En l’espèce, les juges fédéraux constatent que l’usage de la formule officielle, consacrée à l’art. 269d CO, poursuit un objectif de protection du locataire, notamment contre les hausses abusives de loyer (c. 4.4.1). Ce faisant, et puisque le caractère obligatoire et le contenu de la formule officielle sont définis par la loi, il faut admettre que ce document revêt une valeur probante accrue. En effet, le locataire destinataire du document doit pouvoir raisonnablement s’y fier, sans avoir à vérifier la véracité des informations transmises par le bailleur s’agissant du montant du loyer précédent. Par conséquent, la cour cantonale n’a pas violé l’art. 251 CP en estimant que les formules officielles sont des titres au sens de la disposition (c. 4.4.3). En outre, le Tribunal fédéral confirme que A a bel et bien agi avec une intention délictuelle. Celle-ci correspond au fait qu’il cherchait, grâce à l’emploi de ces faux, à se procurer un avantage illicite en évitant des procédures en contestation de loyer initial pour augmenter le rendement des immeubles (c. 4.4.4).

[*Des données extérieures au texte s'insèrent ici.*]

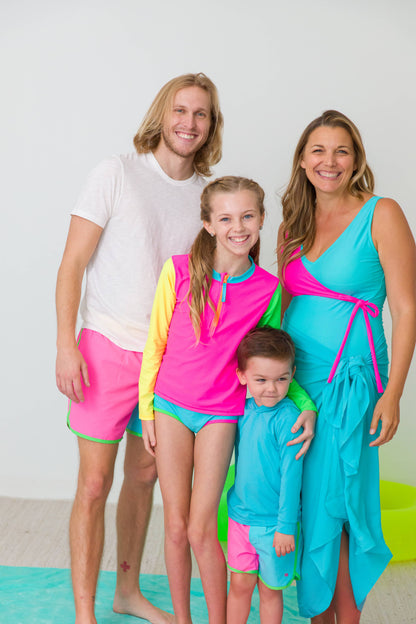 RuffleButts + RuggedButts - Women's Bright Aqua Convertible Sarong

En fin de compte, notre Haute Cour apporte une dernière précision sur l’emploi de noms fictifs concernant les anciens locataires et la création de faux contrats de bail. Le Tribunal fédéral relève à cet égard que la législation n’exige pas que l’identité de l’ancien locataire soit indiquée. Or, en l’absence d’une telle obligation, le bailleur ne peut être tenu de garantir la véracité des informations relatives à l’identité des anciens locataires (c. 4.5.1). Partant, s’agissant de cet aspect, on ne saurait considérer l’emploi de noms fictifs sur le contrat de bail comme la création d’un titre faux. Le recours de A est par conséquent partiellement admis sur ce dernier point (c. 4.5.2).